Another important difference between the 2021 and 2022 Ontario wheat markets is that we are going to feed a much smaller portion of this year’s wheat production. To be fair, falling number problems created a situation with 2021’s wheat where feed was the most appropriate end use for a significant portion of last year’s crop, but with a smaller wheat supply, a bigger corn supply and much higher quality wheat this summer and fall, don’t expect to see feed mills devour very much of this year’s wheat. To be clear, particular feed formulations require a certain amount of wheat almost regardless of price, but corn is 3920 kcals (1000 calories), per kg and wheat is 3915 kcals per kg, so wheat values can’t stray too far from the price of corn and still enjoy high inclusion levels in most feed rations. Now I’ll be the first to admit that I do feed formulation with the same degree of sophistication as a child with a big red No. 2 pencil does math. (Just get the simplest things right and leave everything else to those with better training). But if you look at it from a commodity pricing perspective, we saw roughly 1 million tonnes of last year’s wheat crop, including almost everything grown east of Hwy 400 get used for feed. Right from harvest of 2021 until Russia invaded Ukraine, corn and wheat prices moved in lock step with one another, and feed usage of wheat stayed strong. After the war made wheat prices stretch higher above corn values, feed demand for wheat slowed. Every year at some point in August or September soft red wheat and corn prices (per tonne), reach the same level in order to create demand to use up excess wheat stocks, but in 2022, if that pricing point ever occurs, it seems extremely unlikely that it will last for very long.

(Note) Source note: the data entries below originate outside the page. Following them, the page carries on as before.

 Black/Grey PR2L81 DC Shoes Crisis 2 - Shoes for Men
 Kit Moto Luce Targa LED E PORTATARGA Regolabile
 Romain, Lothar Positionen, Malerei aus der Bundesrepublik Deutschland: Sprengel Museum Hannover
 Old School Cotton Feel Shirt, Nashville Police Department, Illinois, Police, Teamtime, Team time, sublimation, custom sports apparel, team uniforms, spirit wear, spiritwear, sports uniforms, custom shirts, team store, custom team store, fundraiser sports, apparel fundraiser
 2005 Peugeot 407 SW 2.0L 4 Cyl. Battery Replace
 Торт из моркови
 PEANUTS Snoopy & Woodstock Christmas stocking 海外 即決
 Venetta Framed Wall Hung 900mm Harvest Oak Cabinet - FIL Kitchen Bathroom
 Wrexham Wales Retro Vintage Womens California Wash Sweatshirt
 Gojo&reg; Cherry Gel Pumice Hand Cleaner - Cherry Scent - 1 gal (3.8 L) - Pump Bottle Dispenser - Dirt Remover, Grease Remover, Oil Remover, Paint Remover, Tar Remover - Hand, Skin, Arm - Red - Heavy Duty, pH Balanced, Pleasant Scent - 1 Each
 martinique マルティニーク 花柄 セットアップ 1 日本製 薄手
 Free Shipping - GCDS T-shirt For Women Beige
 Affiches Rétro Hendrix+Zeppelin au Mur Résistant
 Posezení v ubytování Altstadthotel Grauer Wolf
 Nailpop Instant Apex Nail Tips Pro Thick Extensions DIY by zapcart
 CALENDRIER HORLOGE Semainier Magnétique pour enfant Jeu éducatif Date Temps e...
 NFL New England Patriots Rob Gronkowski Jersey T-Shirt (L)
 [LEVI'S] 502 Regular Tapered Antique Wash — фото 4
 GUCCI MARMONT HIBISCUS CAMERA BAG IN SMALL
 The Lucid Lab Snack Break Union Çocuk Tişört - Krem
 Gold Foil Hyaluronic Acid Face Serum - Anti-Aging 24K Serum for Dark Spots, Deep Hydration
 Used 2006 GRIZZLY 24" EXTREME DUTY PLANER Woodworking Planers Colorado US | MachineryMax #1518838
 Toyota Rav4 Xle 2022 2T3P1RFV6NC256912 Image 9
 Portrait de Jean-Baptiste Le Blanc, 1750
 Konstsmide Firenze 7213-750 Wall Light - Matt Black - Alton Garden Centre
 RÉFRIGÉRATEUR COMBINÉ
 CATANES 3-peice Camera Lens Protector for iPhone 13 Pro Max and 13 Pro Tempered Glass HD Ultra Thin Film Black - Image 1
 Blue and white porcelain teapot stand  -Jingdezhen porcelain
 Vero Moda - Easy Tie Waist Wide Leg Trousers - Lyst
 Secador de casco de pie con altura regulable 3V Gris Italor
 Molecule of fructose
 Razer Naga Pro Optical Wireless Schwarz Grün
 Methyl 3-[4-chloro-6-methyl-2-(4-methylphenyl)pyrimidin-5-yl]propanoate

The wheat market is giving us a very clear signal to hold wheat back in the country storage and bring it to market slowly. The clearest indicator of this is the futures carry, or spread between the different futures contracts as we move forward in the marketing year. In the midst of the 2022 winter wheat harvest last month, the carry between September ’22 and May ’23 wheat futures was frequently in the $0.40 to $0.45 per bushel. The common school of thought on futures carry is that it expresses how much the market will pay those who will store wheat, but in terms of developing a marketing plan for a farm, I prefer to think of the low prices in the nearby futures month as the price discount for those who insist on moving their crop quickly.
Steve Kell operates a crop farm in Simcoe County and is a former grain merchant for Parrish and Heimbecker Ltd.